*Your goal*.
Below are some entries. Transcribe the lines from the one holding "2026 Buick Envision Sport Touring AWD" to the one holding "กาแฟคั่วเกรดพรีเมียม 500กรัม อาราบิก้าเทพเสด็จ", inclusive, but not the pictures among them.

*The data*.

————

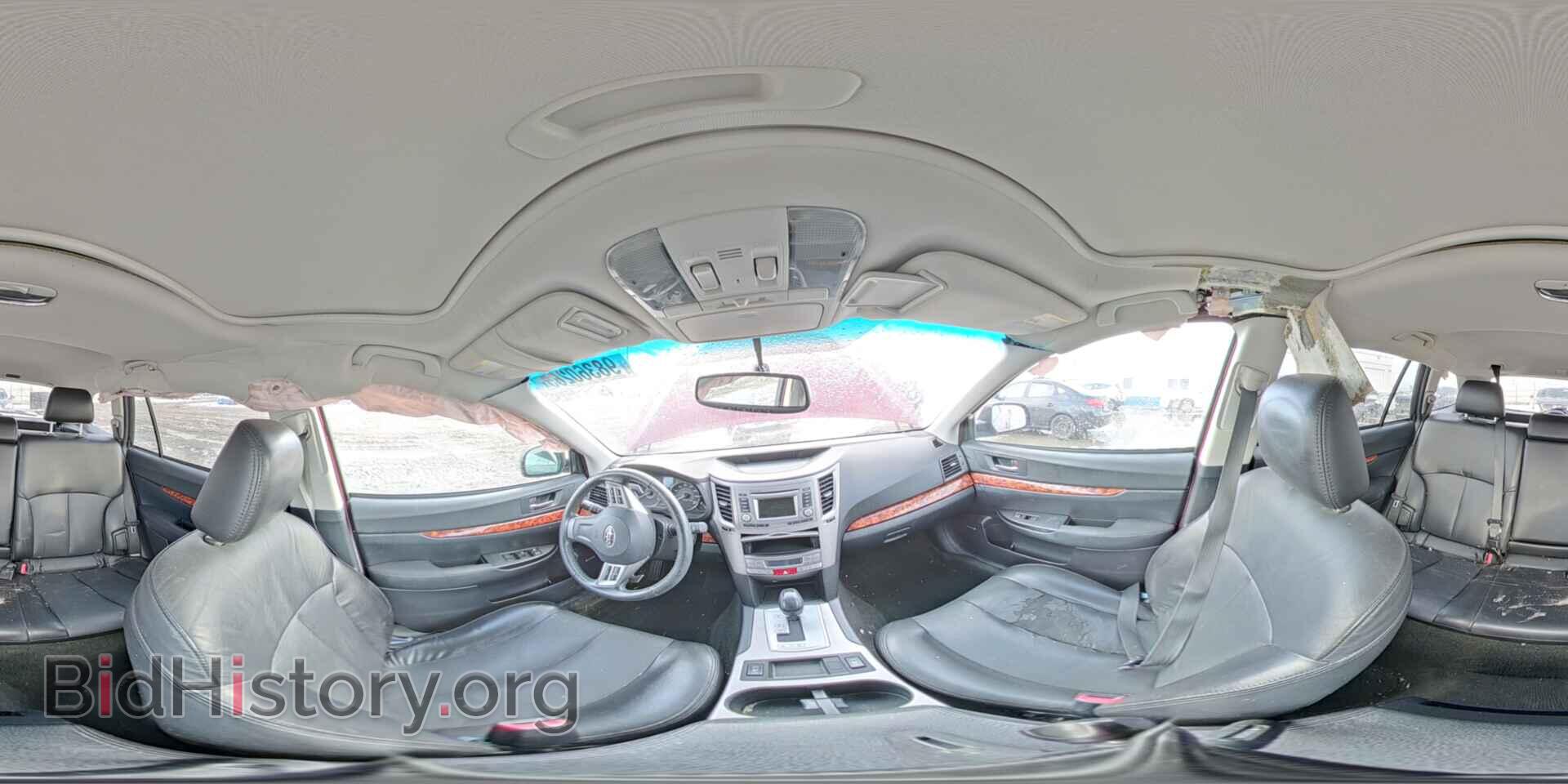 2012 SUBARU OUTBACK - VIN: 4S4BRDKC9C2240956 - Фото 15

————

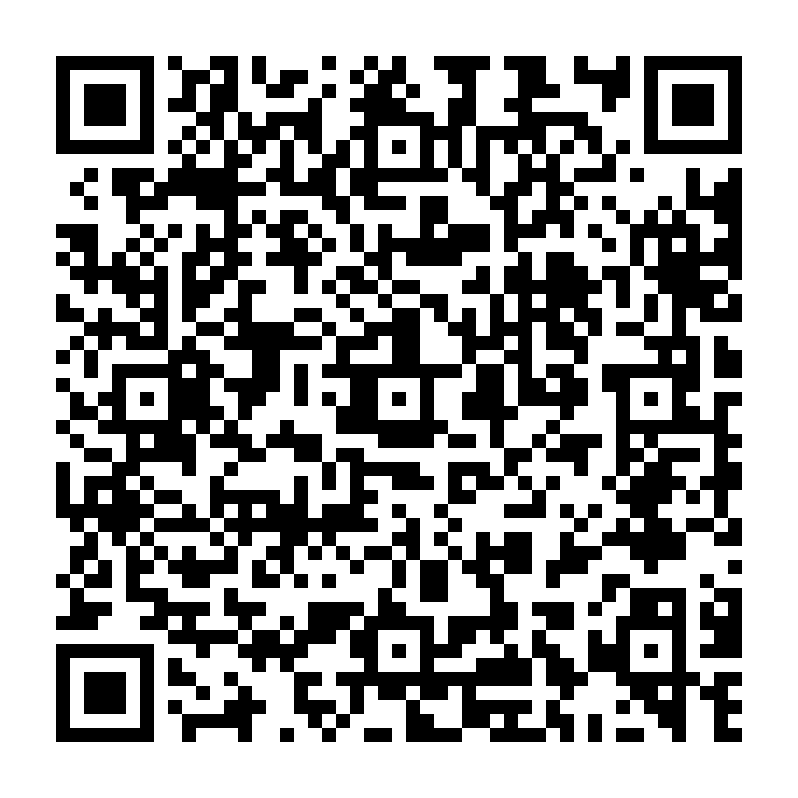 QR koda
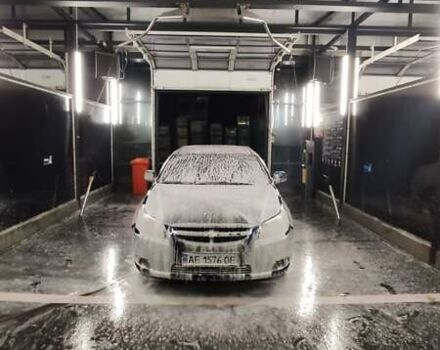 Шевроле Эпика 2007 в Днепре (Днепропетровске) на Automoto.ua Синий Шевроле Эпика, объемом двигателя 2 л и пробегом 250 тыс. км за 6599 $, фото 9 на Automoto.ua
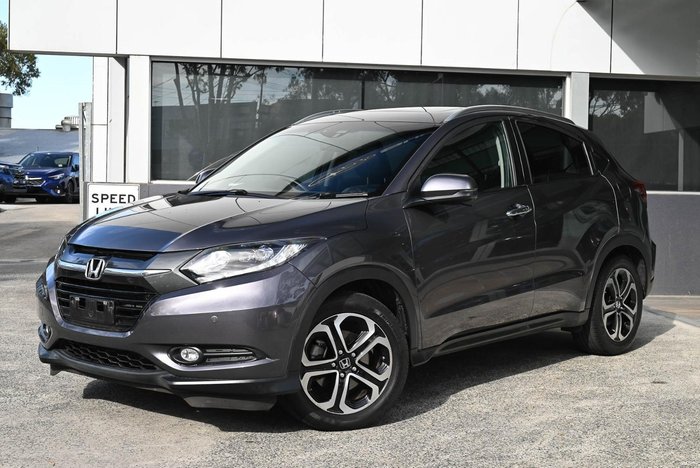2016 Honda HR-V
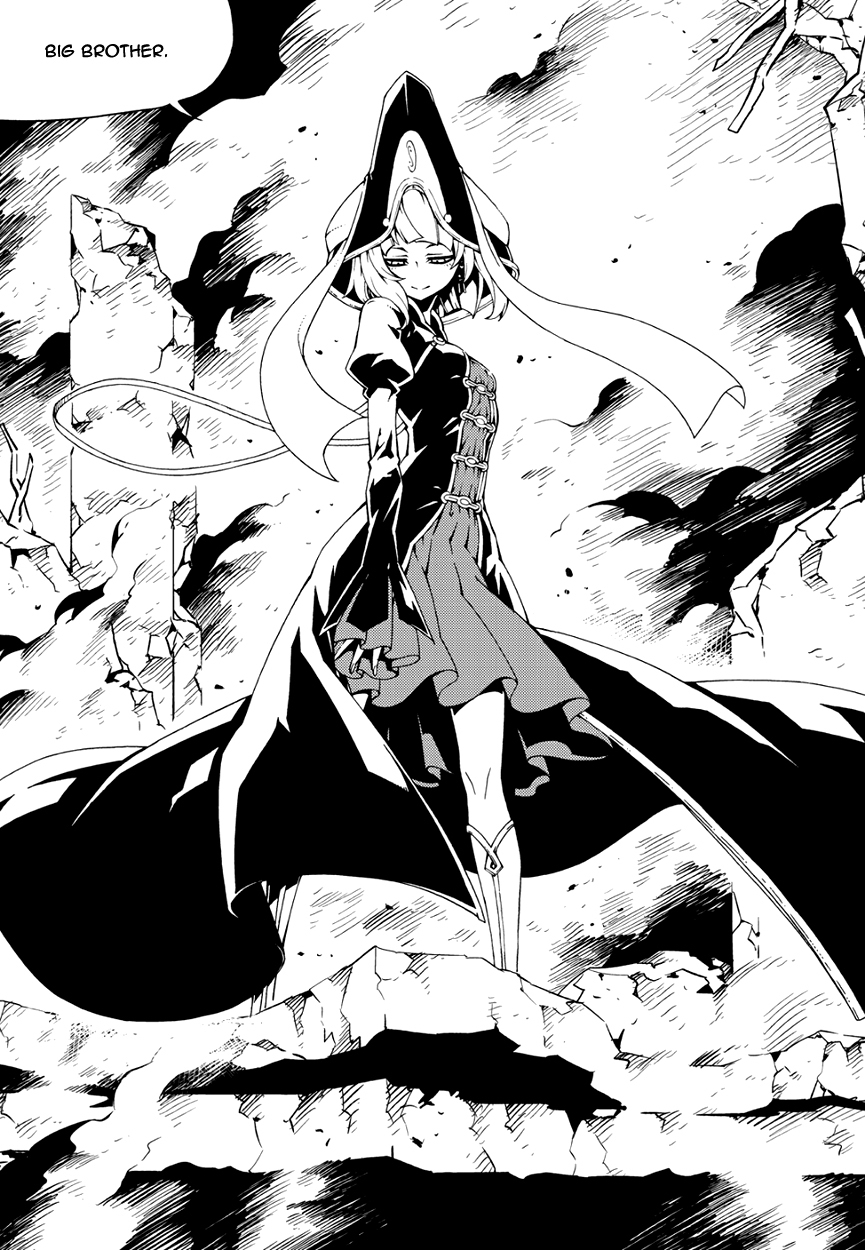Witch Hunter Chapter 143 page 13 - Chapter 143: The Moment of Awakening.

————

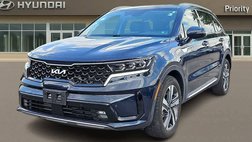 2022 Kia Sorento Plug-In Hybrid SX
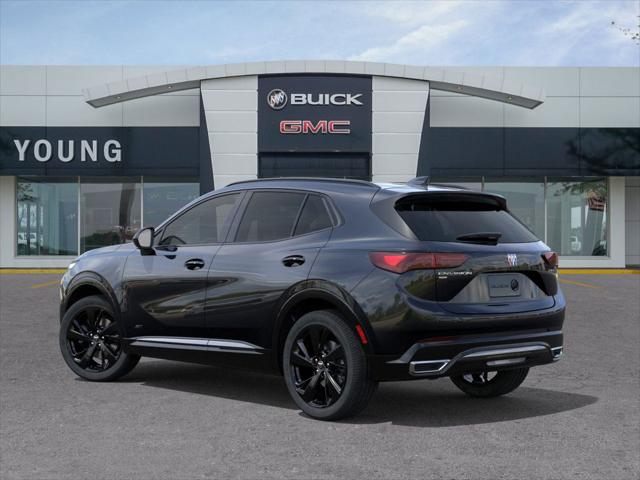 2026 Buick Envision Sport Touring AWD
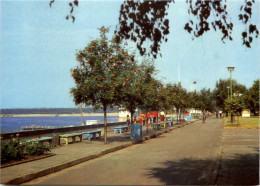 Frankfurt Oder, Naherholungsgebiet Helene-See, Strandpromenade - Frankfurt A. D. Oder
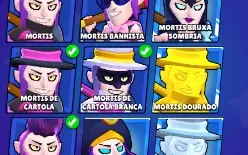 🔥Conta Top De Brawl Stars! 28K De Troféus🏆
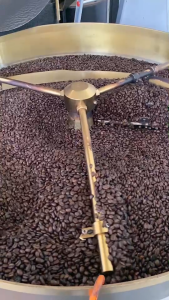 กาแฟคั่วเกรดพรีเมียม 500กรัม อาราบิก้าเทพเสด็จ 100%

————

*Answer to the exercise*.
 2026 Buick Envision Sport Touring AWD
 Frankfurt Oder, Naherholungsgebiet Helene-See, Strandpromenade - Frankfurt A. D. Oder
 🔥Conta Top De Brawl Stars! 28K De Troféus🏆
 กาแฟคั่วเกรดพรีเมียม 500กรัม อาราบิก้าเทพเสด็จ 100%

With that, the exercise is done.